吉越誠一郎「デッドライン仕事術」(祥伝社新書)

元トリンプ社長の吉越浩一郎氏の仕事の能率をアップさせて、時間外をなくす仕事のやり方を開陳したビジネス本。
トリンプ当時から、独特の仕事の進め方で、業績を上げてきた吉越氏の著作らしく、明解で、わかりやすいノウハウが満載である。
「デッドライン仕事術」とは簡単に言えば「就業時間も仕事も、すべてに明確な締切りを設定する」ということで、この締切りを意識して仕事をするからこそ、時間外もなくなり、能率も上がる、というものなのだが、よく読むと、単純にそれだけではないらしい。

例えば、締切りを意識し、守らせるために、会議で、かなり厳しく、ボトルネックになっているところを確認して、鞭をいれたり

時間外をなくす意識づけをするために、終業時になると、自動的に電気が切れるシステムを導入したり、

勤務に集中できる時間を確保するために、会社外からの電話を取り次がない時間を設定したり

などなど、「デッドライン」を守るために様々な工夫がされている。

たしかに「締切りを守れ」といったスローガンを叫んでいても、守られないのが「締切り」といったものだから、など「うんうん」と頷けるアドバイスも数々。
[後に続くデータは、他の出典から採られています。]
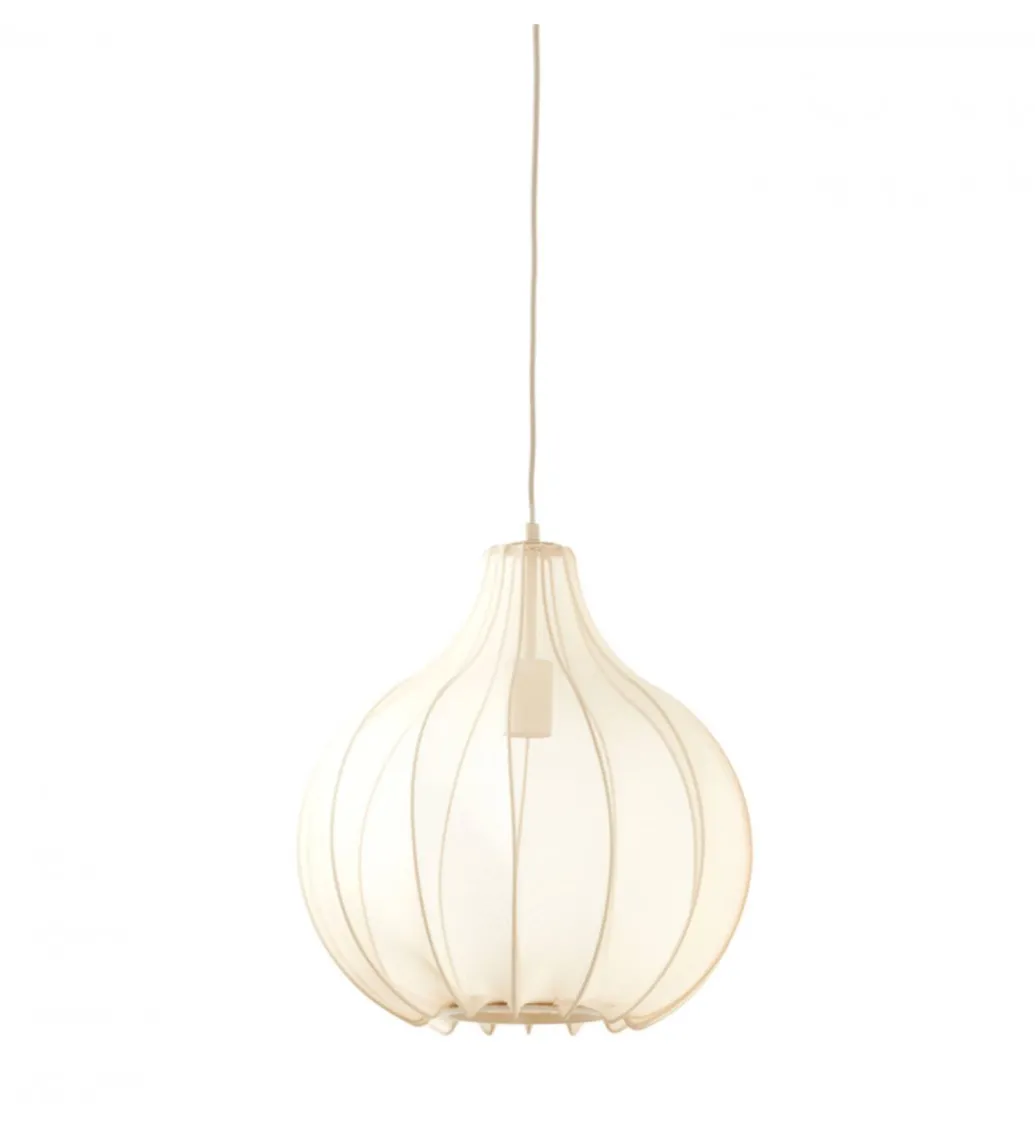 Lampa wisząca ELATI 39 cm piaskowa*L&L New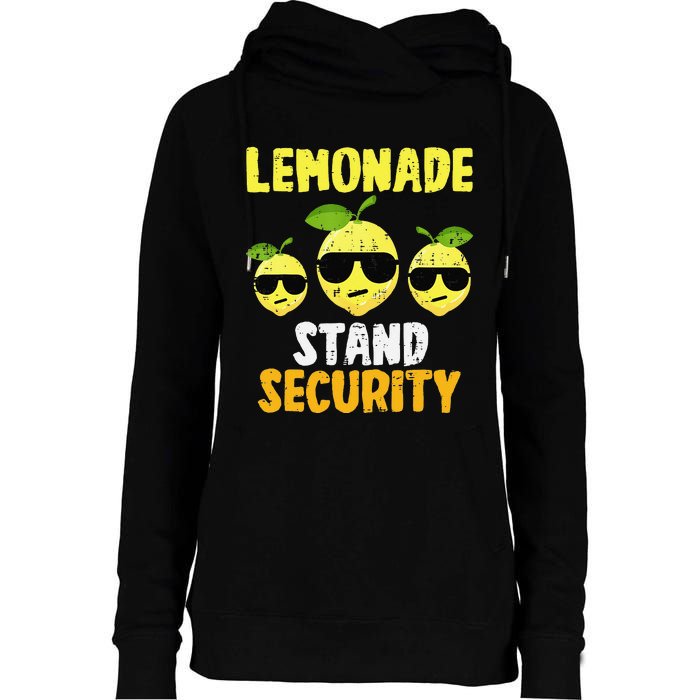 Funny Lemonade Stand Security Lemon Juice Sunglasses Womens Funnel Neck Pullover Hood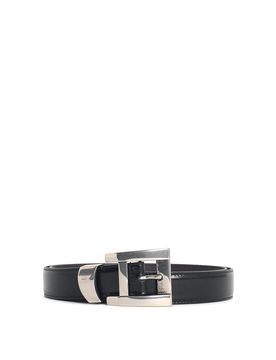 Versace Cintura in pelle nera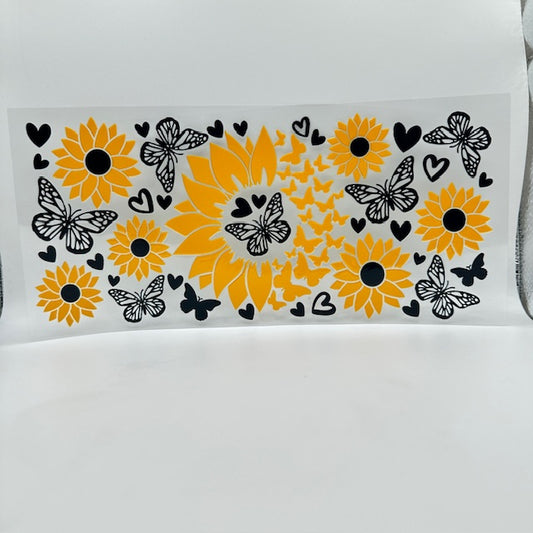 Pattern Sunflower Butterflies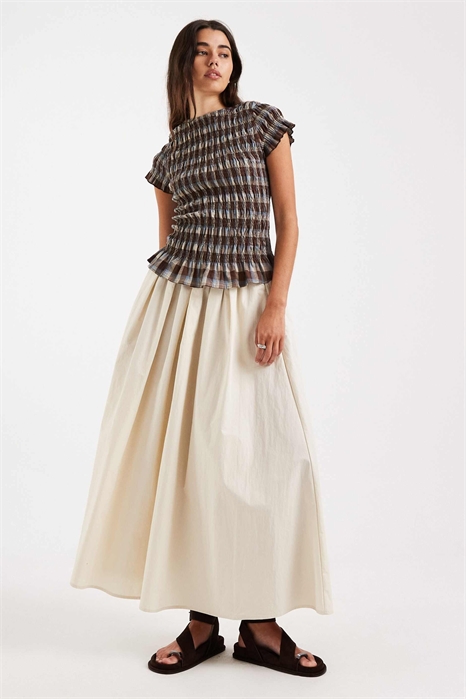 Юбка-миди с объемными деталями артикул 153085049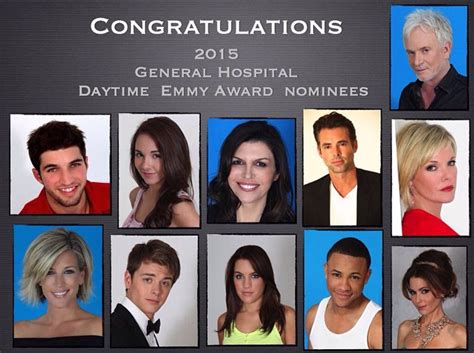 Congrats to All The GH Nominees! | General hospital, Emmy award, Soap opera stars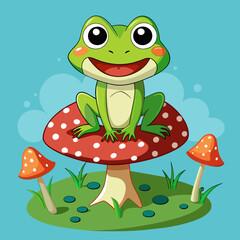 cheerful-frog-smiles-and-sits-on-the-fly-agaric-mu 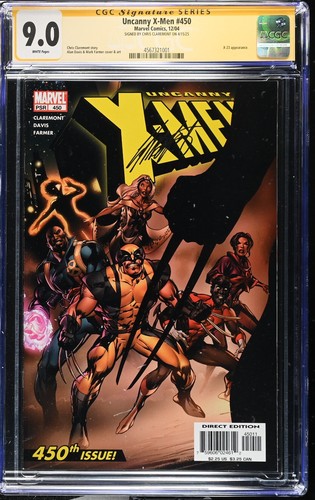 Uncanny X-Men #450 CGC 9.0 SIGNED Chris Claremont X-23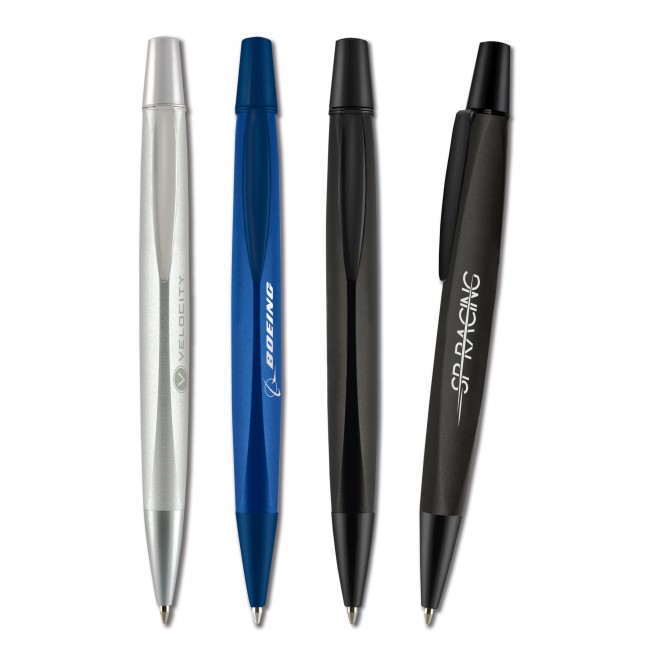 Promotional Trident Silver Ballpen by Inovo Design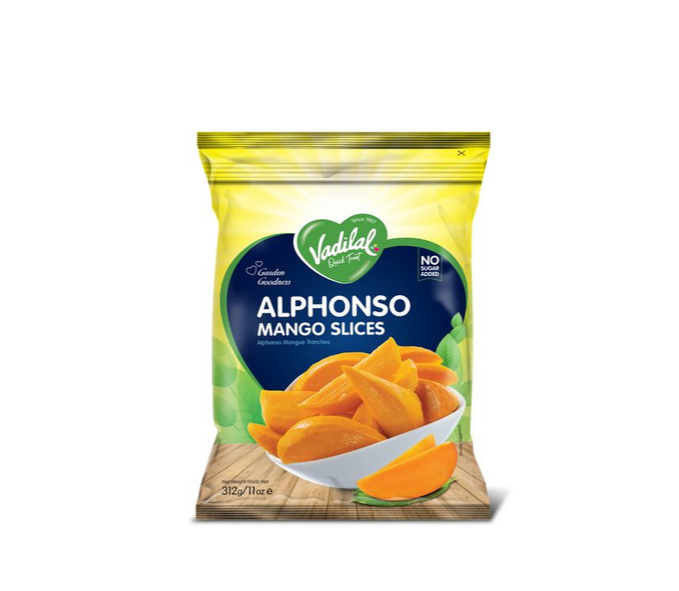 VADILAL FROZEN ALPHONSO MANGO SLICES 312G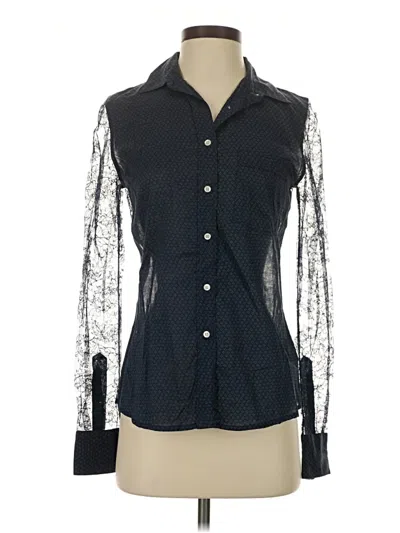 Pre-owned Assorted Brands Long Sleeve Blouse In Black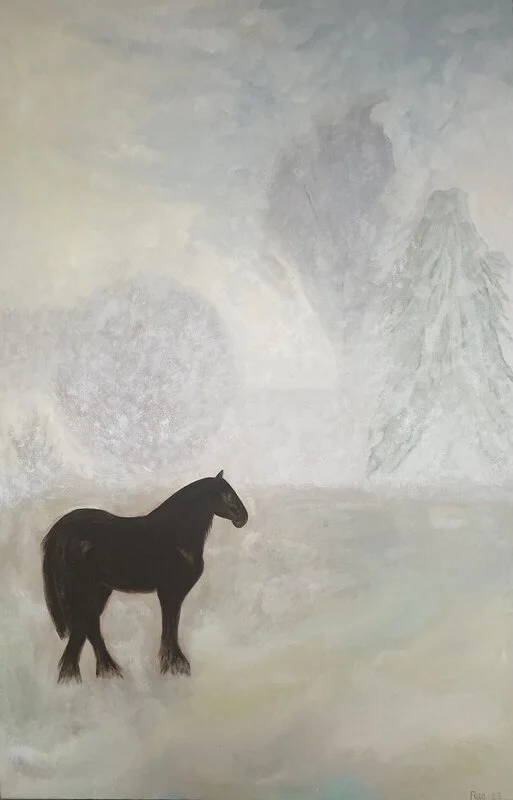 Oljemålning av Anngelica Rosén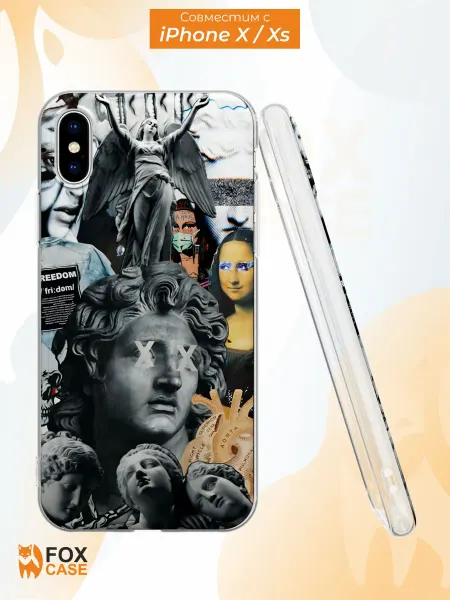 Fox Case Чехол на iPhone X и XS с принтом Искусство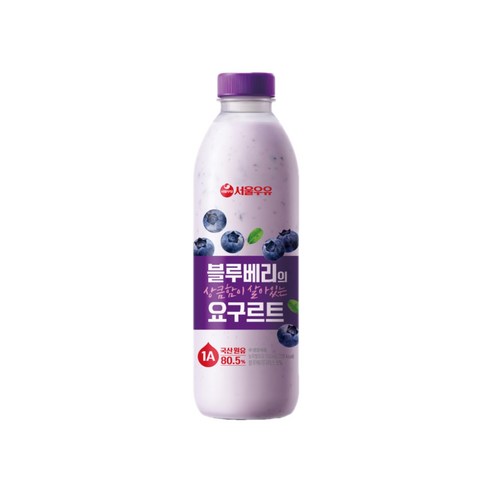 서울우유 블루베리의 상큼함이 살아있는 요구르트 750ML 6개세트 우유청년, 6개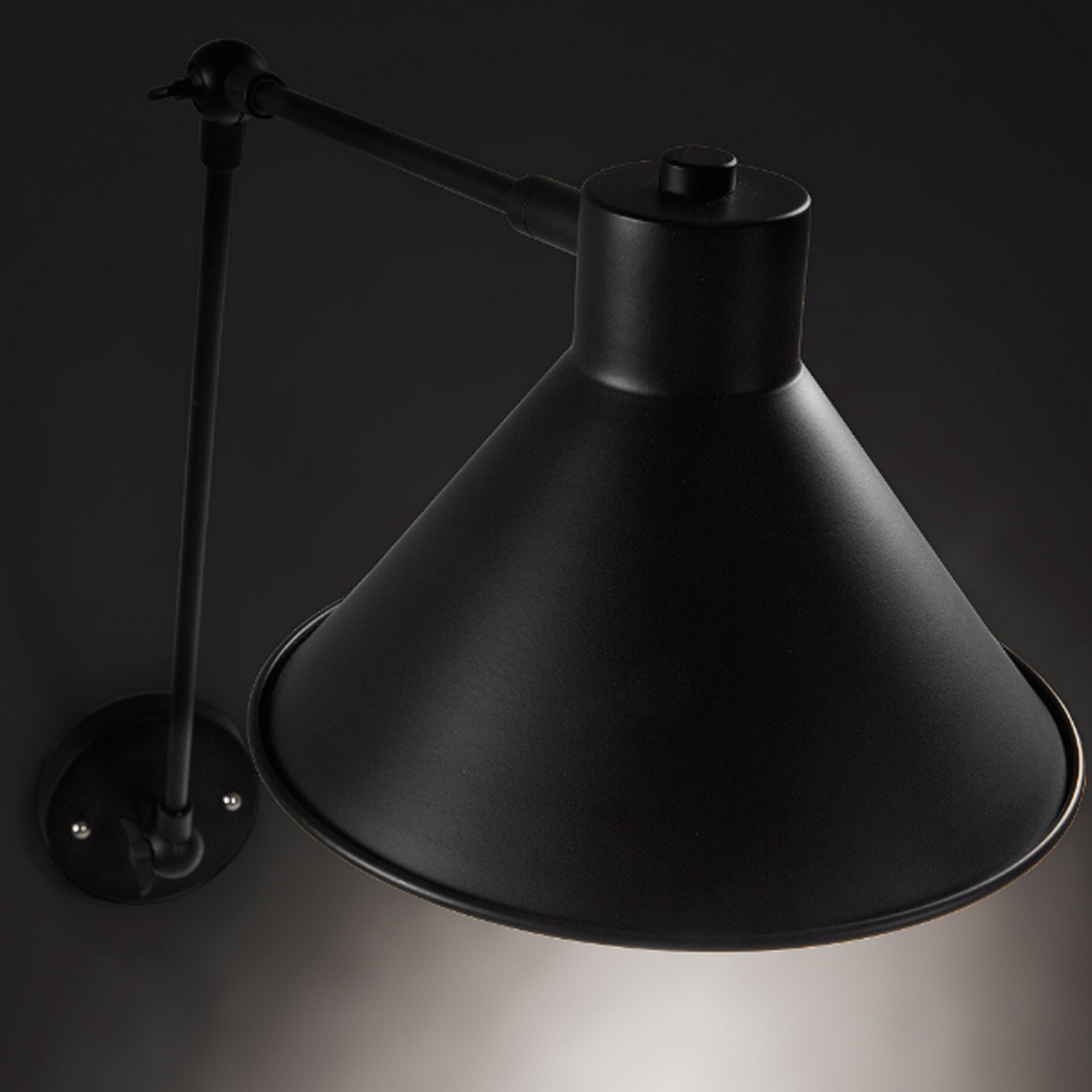 Lámpara aplique ENIDO - metal Negro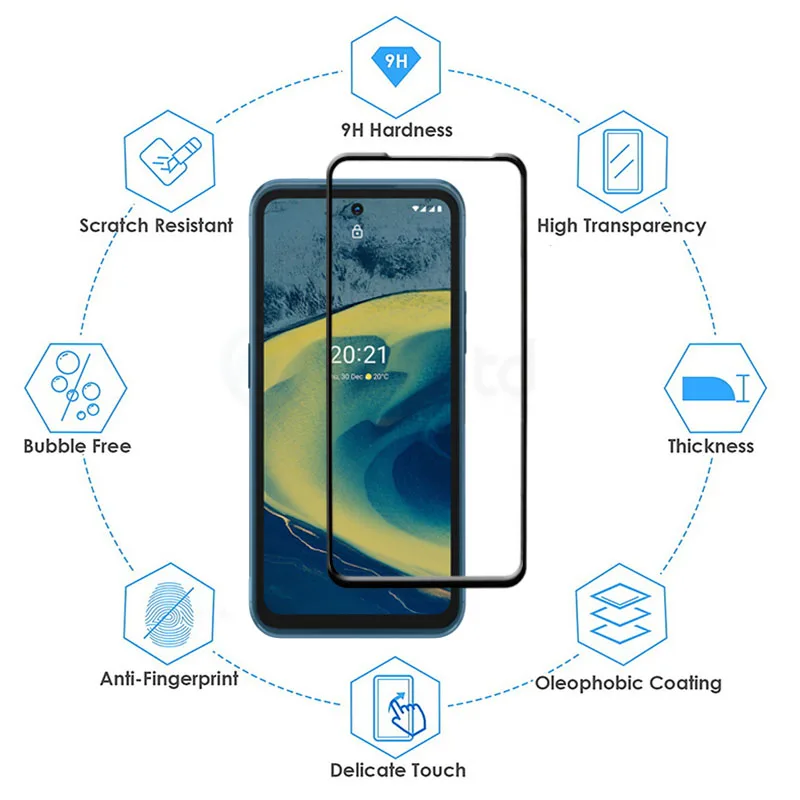 3pcslot for nokia xr20 9h full cover tempered glass screen protector for nokia xr20 6 67 ta 1368 ta 1362 full glue glass film free global shipping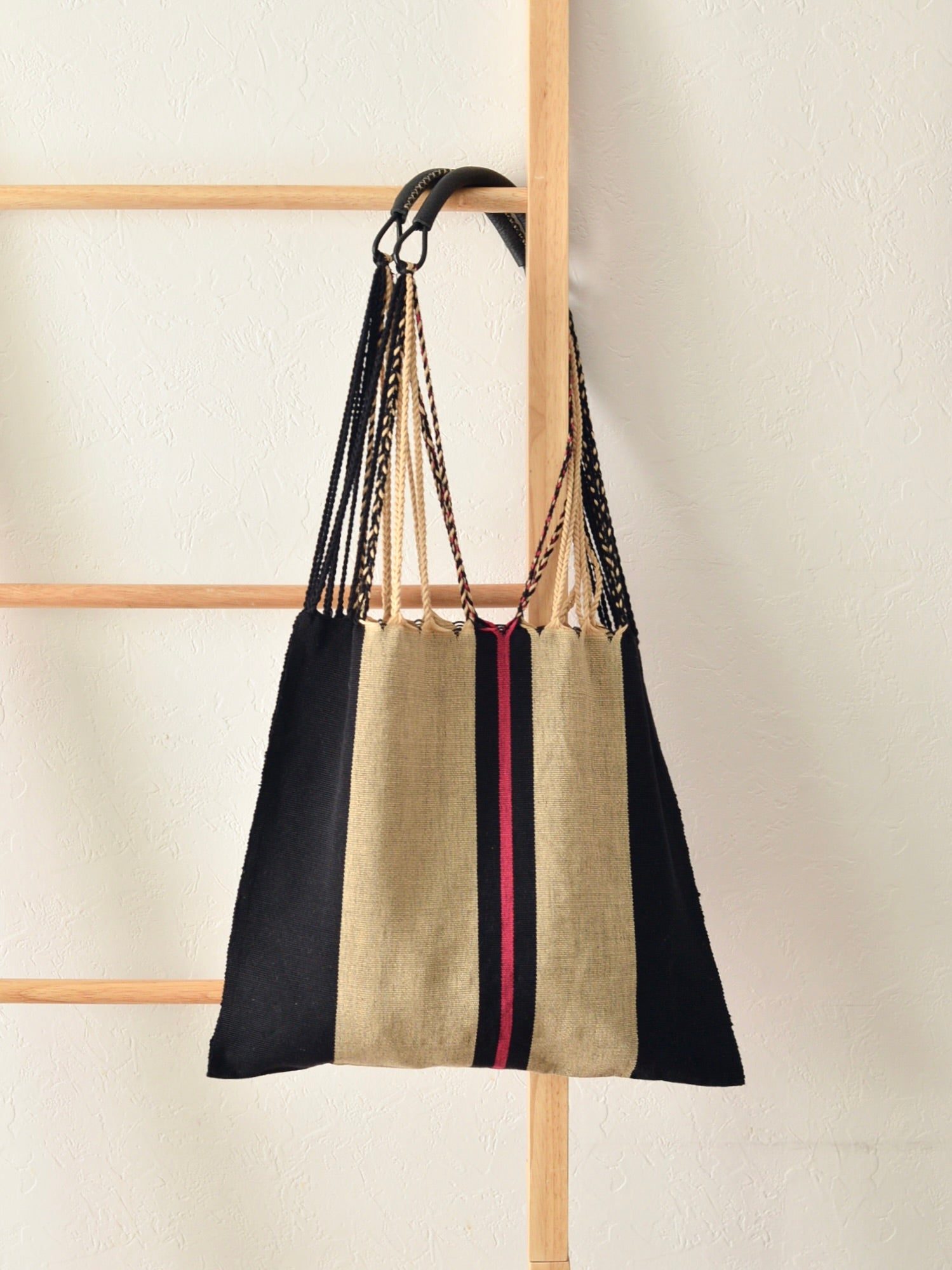 メキシコ ハンモックバッグ レザーハンドル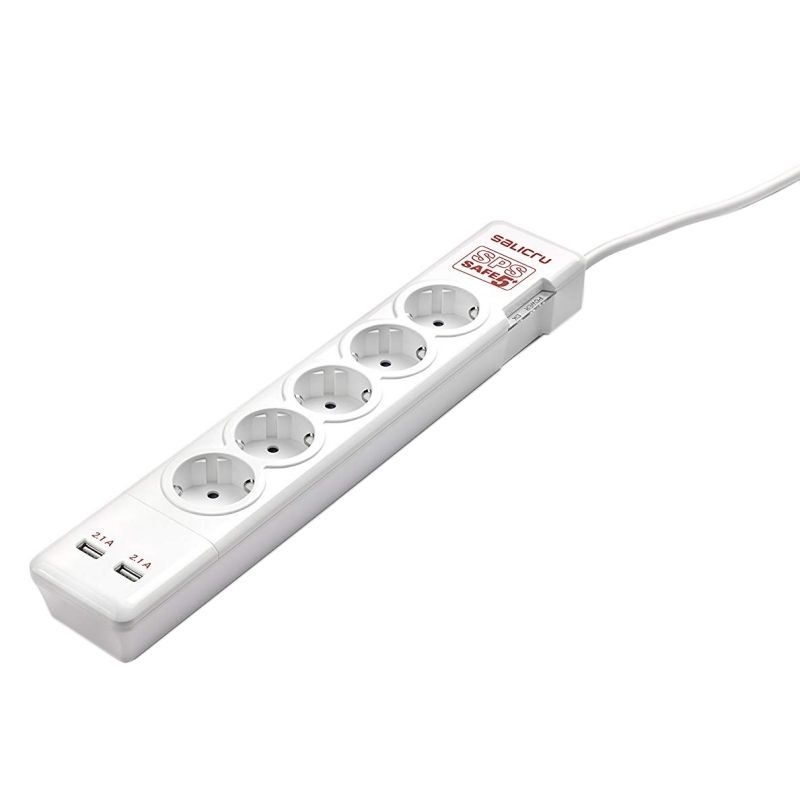 Power strip Salicru SPS SAFE 5+ Regleta con Protección 5 Tomas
ところどころ「ワーク」と「ライフ」はまったく別物だ(この時の「ライフ」は私生活という意味らしい)や「社員教育」は無駄だなど、ちょっと欧米っぽすぎたり、過激過ぎるところがなきにしもあらずだが、かなりぐいぐいと引き込まれて読めるビジネス本である。

ただ、このうちの時間外禁止の話は、聞くところによると、吉越氏が社長の時は実行されていたが、社長が変わって、トリンプでも実行されなくなっている、という話を小耳にはさんだことがある。
変遷というものは、どこの世界にもあるものなのだ。まあ、そんなところを割引しても、ちょっとやってみようかな、と思わせるところの多いビジネス本であることには間違いない。

さらに、かなり論旨が明快なので、サクサク読めることも確かである。ちょっとした時間の合間に読むビジネス本としておすすめ。